Short descriptive text snippets ->
--- START ---

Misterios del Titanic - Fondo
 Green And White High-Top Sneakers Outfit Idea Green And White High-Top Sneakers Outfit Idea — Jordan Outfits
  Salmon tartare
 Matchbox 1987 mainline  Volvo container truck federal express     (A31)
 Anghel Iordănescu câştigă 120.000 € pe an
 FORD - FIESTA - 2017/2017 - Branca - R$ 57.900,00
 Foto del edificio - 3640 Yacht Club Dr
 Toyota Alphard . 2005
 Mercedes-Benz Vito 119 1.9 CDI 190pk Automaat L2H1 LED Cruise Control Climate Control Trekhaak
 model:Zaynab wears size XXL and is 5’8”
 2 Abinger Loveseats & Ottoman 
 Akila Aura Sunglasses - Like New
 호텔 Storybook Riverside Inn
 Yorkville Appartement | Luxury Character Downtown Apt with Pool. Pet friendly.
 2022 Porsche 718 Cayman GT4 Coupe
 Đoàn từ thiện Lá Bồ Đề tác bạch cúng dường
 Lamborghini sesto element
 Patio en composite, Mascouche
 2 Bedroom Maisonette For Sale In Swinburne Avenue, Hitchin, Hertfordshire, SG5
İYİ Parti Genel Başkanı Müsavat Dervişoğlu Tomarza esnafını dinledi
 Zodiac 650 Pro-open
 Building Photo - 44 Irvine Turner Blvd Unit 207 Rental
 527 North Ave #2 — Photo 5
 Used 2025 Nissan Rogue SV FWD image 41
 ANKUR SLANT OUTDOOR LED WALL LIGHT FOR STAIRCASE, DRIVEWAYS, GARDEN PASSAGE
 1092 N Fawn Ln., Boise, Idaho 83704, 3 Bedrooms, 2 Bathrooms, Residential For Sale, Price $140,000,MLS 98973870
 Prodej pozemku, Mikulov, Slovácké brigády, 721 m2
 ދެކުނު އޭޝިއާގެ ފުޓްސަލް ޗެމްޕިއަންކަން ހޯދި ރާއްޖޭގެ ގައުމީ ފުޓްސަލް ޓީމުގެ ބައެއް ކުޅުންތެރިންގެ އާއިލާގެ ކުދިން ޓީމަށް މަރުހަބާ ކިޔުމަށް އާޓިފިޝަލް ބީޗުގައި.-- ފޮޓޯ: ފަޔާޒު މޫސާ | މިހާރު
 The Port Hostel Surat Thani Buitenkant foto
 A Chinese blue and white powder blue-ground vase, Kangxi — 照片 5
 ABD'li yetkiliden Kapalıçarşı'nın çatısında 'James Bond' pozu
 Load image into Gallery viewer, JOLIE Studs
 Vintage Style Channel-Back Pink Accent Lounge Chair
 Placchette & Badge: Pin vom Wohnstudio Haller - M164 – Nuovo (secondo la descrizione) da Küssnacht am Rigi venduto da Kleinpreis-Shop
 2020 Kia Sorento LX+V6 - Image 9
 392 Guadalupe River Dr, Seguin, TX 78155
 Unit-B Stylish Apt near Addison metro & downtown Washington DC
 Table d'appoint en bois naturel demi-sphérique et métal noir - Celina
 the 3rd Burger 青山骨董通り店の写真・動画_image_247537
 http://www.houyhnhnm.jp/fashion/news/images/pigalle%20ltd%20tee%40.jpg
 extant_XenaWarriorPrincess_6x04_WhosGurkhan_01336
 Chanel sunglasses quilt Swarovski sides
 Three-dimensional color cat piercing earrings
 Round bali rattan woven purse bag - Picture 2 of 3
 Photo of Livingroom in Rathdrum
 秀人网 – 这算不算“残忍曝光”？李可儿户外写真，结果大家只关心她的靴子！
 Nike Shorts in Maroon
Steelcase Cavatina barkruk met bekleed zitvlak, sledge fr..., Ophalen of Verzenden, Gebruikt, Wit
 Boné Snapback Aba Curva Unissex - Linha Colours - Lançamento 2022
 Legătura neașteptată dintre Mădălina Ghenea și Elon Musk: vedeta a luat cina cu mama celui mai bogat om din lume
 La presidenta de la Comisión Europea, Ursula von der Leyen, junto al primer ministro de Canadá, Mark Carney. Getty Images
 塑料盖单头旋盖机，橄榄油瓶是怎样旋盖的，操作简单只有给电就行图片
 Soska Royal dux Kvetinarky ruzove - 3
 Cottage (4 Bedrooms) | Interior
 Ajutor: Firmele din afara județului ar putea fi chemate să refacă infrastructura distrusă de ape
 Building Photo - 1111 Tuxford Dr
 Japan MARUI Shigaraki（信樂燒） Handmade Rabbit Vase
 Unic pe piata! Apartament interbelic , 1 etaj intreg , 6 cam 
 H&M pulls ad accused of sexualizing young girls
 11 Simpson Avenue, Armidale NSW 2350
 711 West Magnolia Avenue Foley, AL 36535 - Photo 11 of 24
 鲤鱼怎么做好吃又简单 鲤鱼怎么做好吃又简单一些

--- END ---

PROBLEM STATEMENT -> Could you repeat exactly the lines above from the line with "Three-dimensional color cat" up to and including the line with "Legătura neașteptată dintre", and only those?

OUTPUT FOR THIS TASK ->
 Three-dimensional color cat piercing earrings
 Round bali rattan woven purse bag - Picture 2 of 3
 Photo of Livingroom in Rathdrum
 秀人网 – 这算不算“残忍曝光”？李可儿户外写真，结果大家只关心她的靴子！
 Nike Shorts in Maroon
Steelcase Cavatina barkruk met bekleed zitvlak, sledge fr..., Ophalen of Verzenden, Gebruikt, Wit
 Boné Snapback Aba Curva Unissex - Linha Colours - Lançamento 2022
 Legătura neașteptată dintre Mădălina Ghenea și Elon Musk: vedeta a luat cina cu mama celui mai bogat om din lume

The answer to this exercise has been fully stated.